London, May 14, 2026, 14:04 (BST)
- Shell reported $23.84 billion in payments to governments for oil, gas, and mineral extraction for 2025.
- Shell’s annual meeting is coming up in five days, with investors set to weigh in on a climate disclosure resolution—the report drops just ahead of that vote.
- Shell’s country-by-country table shows Brazil, Oman and Norway topping the list of recipients.
Shell Plc reported $23.84 billion in payments to governments for 2025, a new tally of tax, royalty, and production remittances tied to its vast oil and gas operations, just ahead of a high-profile shareholder meeting.
Timing comes into play here. Shell’s annual general meeting is set for May 19 in London, where a Follow This climate resolution will go to a vote. Investors are being asked how Shell’s plan stacks up if oil and gas demand drops. The company, though, is telling shareholders to vote it down.
The payments report focuses on extractive operations—think oil, gas, and minerals exploration and production. According to Shell, refining, natural gas liquefaction, and gas-to-liquids aren’t part of the disclosure. Payments from joint-controlled entities are also off the table.
Brazil topped the list, pulling in $4.25 billion. Oman came next at $3.99 billion, with Norway at $3.77 billion. The filing also put Qatar at $2.91 billion, Malaysia at $2.38 billion, and Nigeria at $2.02 billion.
The breakdown: $10.04 billion in taxes, $8.04 billion from production entitlements, $3.77 billion in royalties, $360.6 million in bonuses and $1.63 billion in fees. Production entitlements represent the host government’s cut of output. Royalties, on the other hand, are paid for extraction rights.
Shell released its climate and energy transition lobbying report this day. The company put its effective tax rate for 2025 at 39%, noting that’s nearly double the OECD average country effective tax rate of 20.5%.
This disclosure comes after Shell posted a robust first quarter: adjusted earnings landed at $6.92 billion, as reported last week. The company bumped its dividend up 5%, though it trimmed its quarterly buyback program to $3 billion from $3.5 billion. Disruption in the Middle East stirred up volatility, giving Shell a lift but also denting output.
Shell CEO Wael Sawan pointed to “unprecedented disruption in global energy markets” as the backdrop for what he called strong quarterly results. The oil major reported cash flow from operations excluding working capital at $17.2 billion. Working capital swung by $11.2 billion, hit by wild moves in commodity prices. Shell
Chief Financial Officer Sinead Gorman attributed the dividend hike to “confidence we have in the long-term cash flows of the company,” according to Reuters. On the analyst side, Citi’s Alastair Syme argued the adjustment from dividends to buybacks should have happened sooner. Reuters
Shell continues to ride favorable sector trends. According to Reuters, European energy companies posted sharply higher first-quarter earnings as the Iran war pushed oil prices up. Shell, BP, and TotalEnergies saw a bigger boost from robust oil trading than their U.S. rivals.

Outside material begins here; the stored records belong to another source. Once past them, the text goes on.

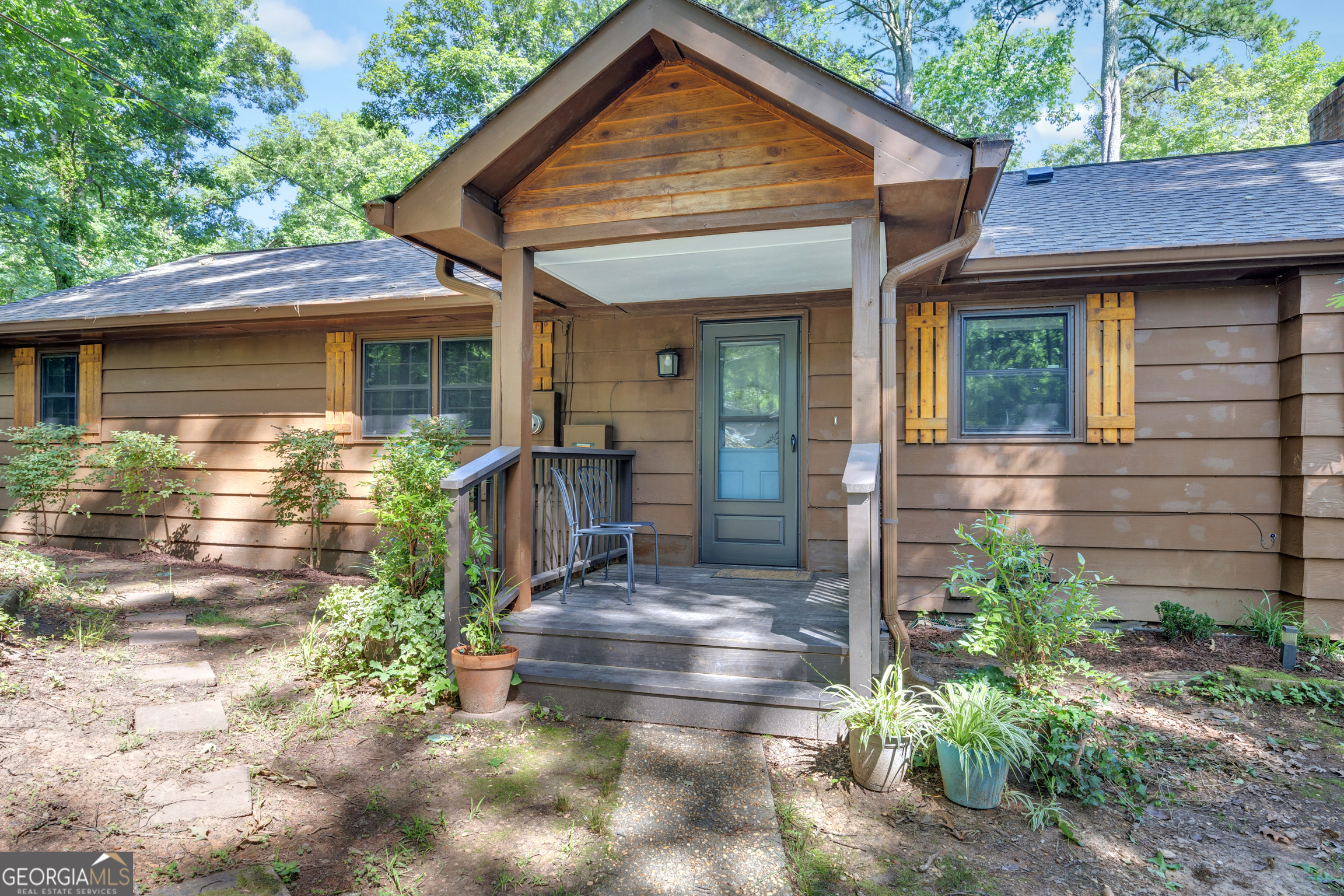 177 Nighthawk Court Monticello, GA 31064 - Photo 11 of 76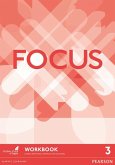 Focus BrE 3 Workbook Focus BrE 3 Workbook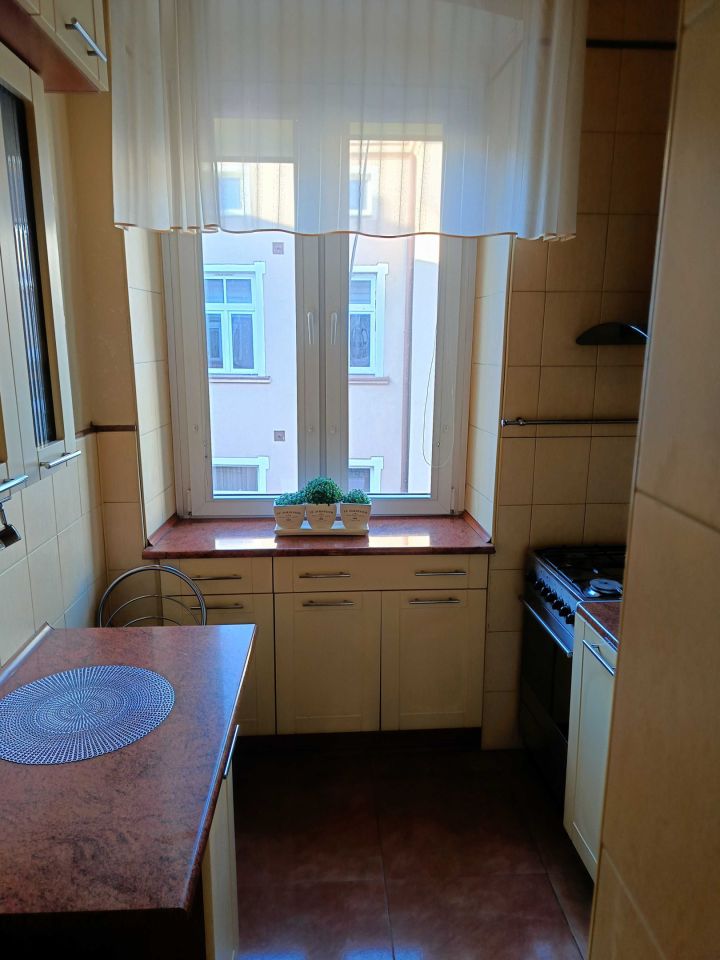 Mieszkanie 2-pokojowe Łódź Polesie. Zdjęcie 5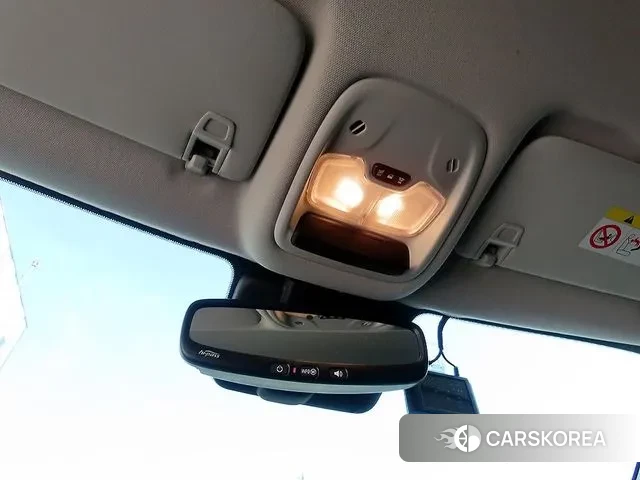 Chevrolet (GM Daewoo) Trailblazer 2021 Черный из Кореи, фото 5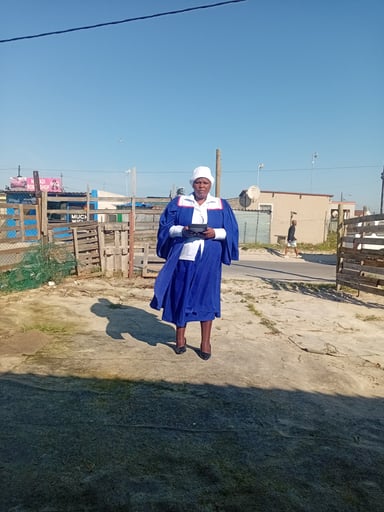 Ntombesiphiwo Vululwandle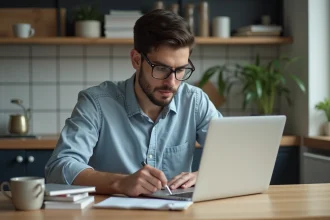 Faut-il choisir une formation trading à distance ?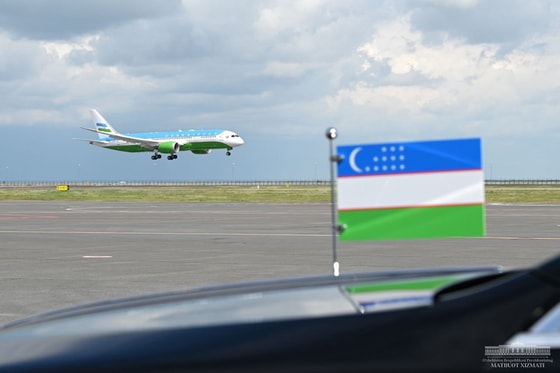 Фото: Пресс-служба президента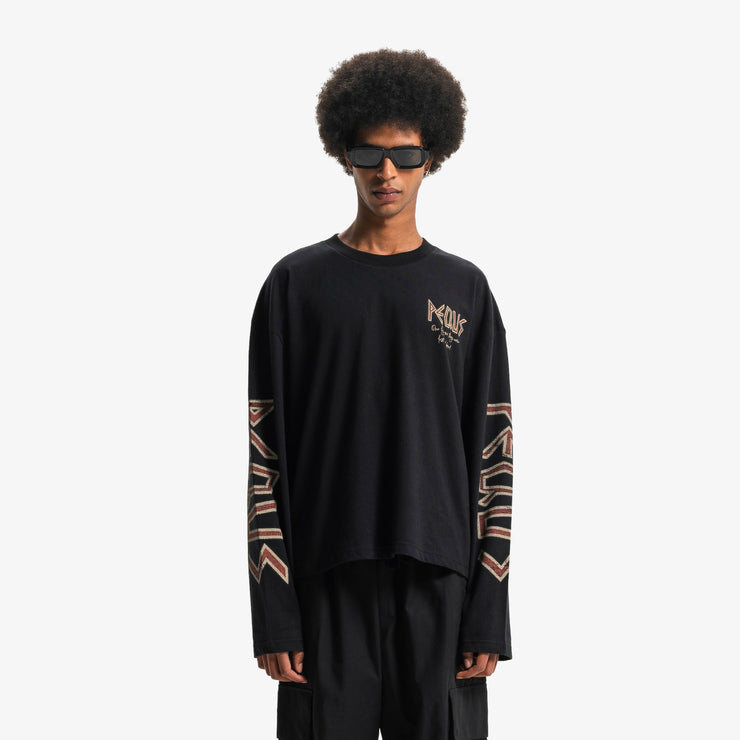 Pequs Ancient Love Story Long Sleeve Blitzverkäufe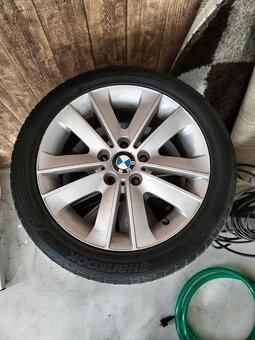 BMW elektróny - 2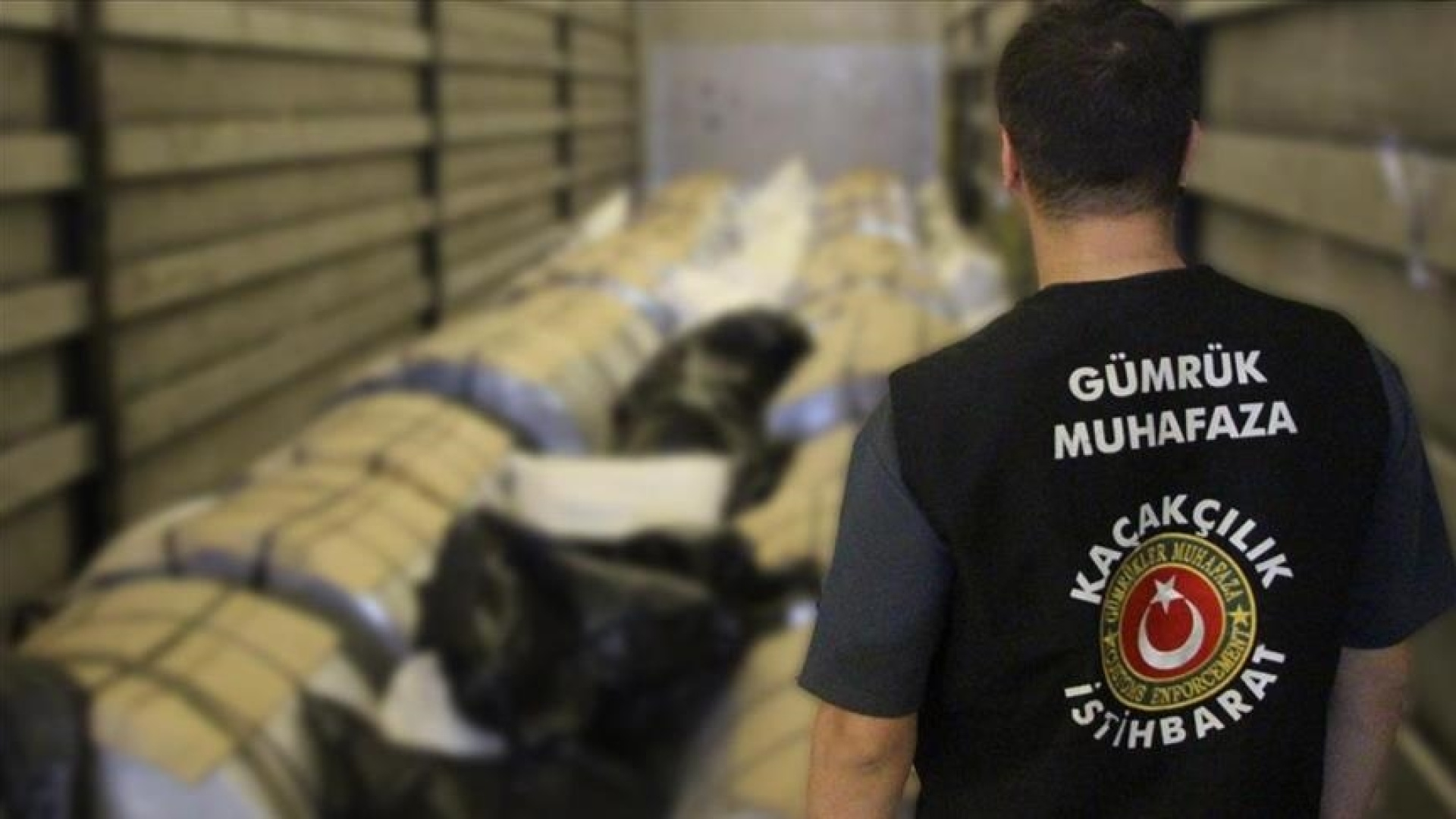 Ticaret Bakanlığı: 6 ayda 407 operasyonda 36 ton uyuşturucu ele geçirildi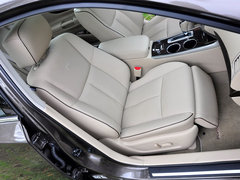 2014款 公爵 2.5L XV尊享版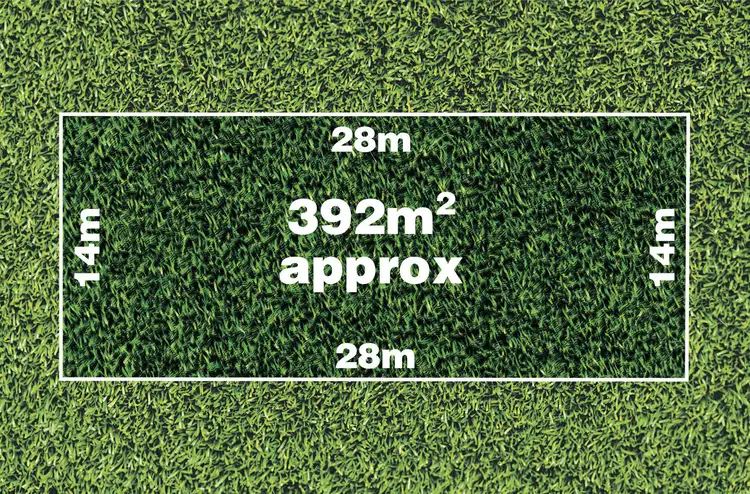 Main view of Homely land listing, LOT 2723 Kruger Road, Tarneit VIC 3029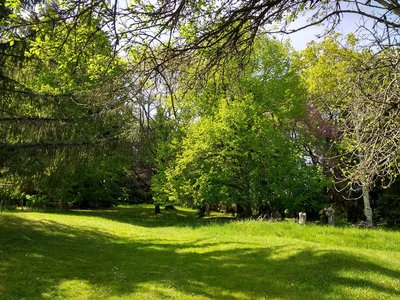 Gite Pyrénées View - Jardin - Saint Gaudens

Over the past two days, Shell has acted on a handful of smaller supply and portfolio moves. Bulgargaz tapped Shell for a U.S.-sourced liquefied natural gas shipment—gas cooled into liquid for easier transport—set to arrive in Turkey at the end of May. In a separate development, Les Echos reported Shell is looking to offload around 60 petrol stations along French highways. When asked by Reuters, Shell would not comment.
There’s a flip side to the volatility currently favoring trading desks. Shell is bracing for a steep drop in second-quarter integrated gas output, citing Middle East turmoil and Qatar disruptions. If oil prices keep slipping, that’s going to put future buybacks under pressure—and could sap the cash flows backing the government payouts in view.